According to a representative from the Center for Biological Diversity, Wednesday’s decision appears to represent a “growing acknowledgment” within the BLM that environmental laws require public land managers to consider the climate consequences of public lands fossil fuel development.

The 156-well project was approved in the same wave of federal leases granted in the Powder River Basin in 2018 and – though separate from other developments in the region – could affect the approval process for other projects in the region, particularly projects developed through the federal government’s public lands program, which has seen an increase in drilling permits issued under the Trump administration.

“It’s definitely got much broader implications,” said Michael Saul, a Denver-based senior attorney for the Center of Biological Diversity. “For years – not just under this presidential administration – there’s been this systematic effort to try and ignore or minimize climate harms from public lands drilling.
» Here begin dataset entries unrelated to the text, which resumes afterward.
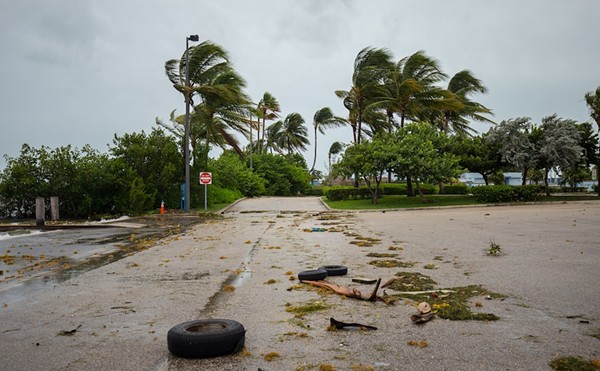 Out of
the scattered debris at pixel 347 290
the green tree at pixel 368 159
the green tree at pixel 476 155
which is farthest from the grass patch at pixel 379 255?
the green tree at pixel 476 155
We’re seeing courts not stand for that, and we’re seeing situations where this administration has gone a step further to minimize public disclosure and public comment opportunities on both leasing and drilling permit decisions. That’s really exacerbating the problem.”
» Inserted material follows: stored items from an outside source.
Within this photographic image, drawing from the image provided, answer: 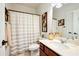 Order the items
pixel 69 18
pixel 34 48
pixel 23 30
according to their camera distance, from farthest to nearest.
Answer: pixel 23 30 → pixel 34 48 → pixel 69 18

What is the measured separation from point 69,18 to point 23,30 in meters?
1.06

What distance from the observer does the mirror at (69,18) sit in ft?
5.82

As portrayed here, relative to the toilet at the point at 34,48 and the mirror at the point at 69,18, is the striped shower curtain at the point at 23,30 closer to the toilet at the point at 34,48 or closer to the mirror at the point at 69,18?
the toilet at the point at 34,48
Wednesday’s decision comes after several months of effort by the Western Watershed Project, who said the public was largely kept in the dark over the project’s approval process.

Kelly Fuller, the energy and mining campaign director for that organization, said the lack of public comment on the project raised significant concerns, prompting her organization to file a request for review from the Wyoming state director. However, the result of that review – a stay of the process until additional information on the climate impacts of the project were collected – presents additional concerns: namely, a lack of oversight that can lead to violations of standards for oil and gas development on federally-owned land.
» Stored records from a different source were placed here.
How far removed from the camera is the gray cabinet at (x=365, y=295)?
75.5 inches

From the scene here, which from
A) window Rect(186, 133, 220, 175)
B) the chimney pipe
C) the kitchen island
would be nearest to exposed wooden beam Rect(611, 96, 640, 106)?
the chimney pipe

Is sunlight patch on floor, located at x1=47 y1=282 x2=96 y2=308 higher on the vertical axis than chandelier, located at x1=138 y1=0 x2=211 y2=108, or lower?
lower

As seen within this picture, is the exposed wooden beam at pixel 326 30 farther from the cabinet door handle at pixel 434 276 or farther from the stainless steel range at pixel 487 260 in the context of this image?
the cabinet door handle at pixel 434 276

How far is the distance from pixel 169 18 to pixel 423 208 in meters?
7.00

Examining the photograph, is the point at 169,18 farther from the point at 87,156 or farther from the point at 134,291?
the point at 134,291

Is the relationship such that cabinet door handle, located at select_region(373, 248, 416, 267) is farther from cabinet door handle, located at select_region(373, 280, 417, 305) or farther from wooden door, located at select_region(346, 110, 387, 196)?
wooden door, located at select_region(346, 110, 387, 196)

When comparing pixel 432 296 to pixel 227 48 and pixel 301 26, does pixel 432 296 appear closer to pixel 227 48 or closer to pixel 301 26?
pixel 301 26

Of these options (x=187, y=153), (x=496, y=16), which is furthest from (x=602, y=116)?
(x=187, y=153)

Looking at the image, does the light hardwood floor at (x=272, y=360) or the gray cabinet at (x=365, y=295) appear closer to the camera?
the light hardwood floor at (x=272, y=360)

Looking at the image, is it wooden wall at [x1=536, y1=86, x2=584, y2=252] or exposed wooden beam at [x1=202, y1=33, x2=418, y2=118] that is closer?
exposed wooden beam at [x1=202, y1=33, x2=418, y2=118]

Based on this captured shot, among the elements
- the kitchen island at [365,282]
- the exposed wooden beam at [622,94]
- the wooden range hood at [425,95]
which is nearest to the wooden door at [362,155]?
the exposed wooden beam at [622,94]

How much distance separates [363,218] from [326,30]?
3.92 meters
“I would say – if I were an oil and gas producer that wanted to do work in that area – the concern I would have is the BLM is not doing a good enough job on these analyses,” she said. “I don’t think this one is an unusual case, but I do think any of these smaller ones could be vulnerable. If the BLM rams these things through, then yes, that could be a real problem for the operators, because they have these vulnerable analyses. If I were the industry, I would really want to know what the heck is going on in that field office, because I might have concerns my project might be vulnerable.”

Houston-based EOG Resources is a well-established player in the oilfields of eastern Wyoming, with a keen focus on the state’s Powder River Basin. The firm has said 2019 would be an active year in the region, where the company would focus on infrastructure development in the basin in a bid to meet its plans there, following a record-breaking year for drilling in Converse County in 2018.

In a statement, a spokesman for EOG Resources said the company “will continue to work with the BLM in order to finalize the Sand Creek analysis.”

The project’s ability to comply with those standards, Saul said, could potentially set the tone for future development in the region. The extent of that, however, is an open question.

“Eventually, [the federal government] is going to have to come to terms with the fact that the continued expansion of public lands drilling is inconsistent with any reasonable climate mitigation goals,” Saul said. “Will that happen in the context of one individual project? It’s hard to say. But this is a systematic problem with the public lands leasing and drilling program. It’s never had a comprehensive accounting of the climate consequences.”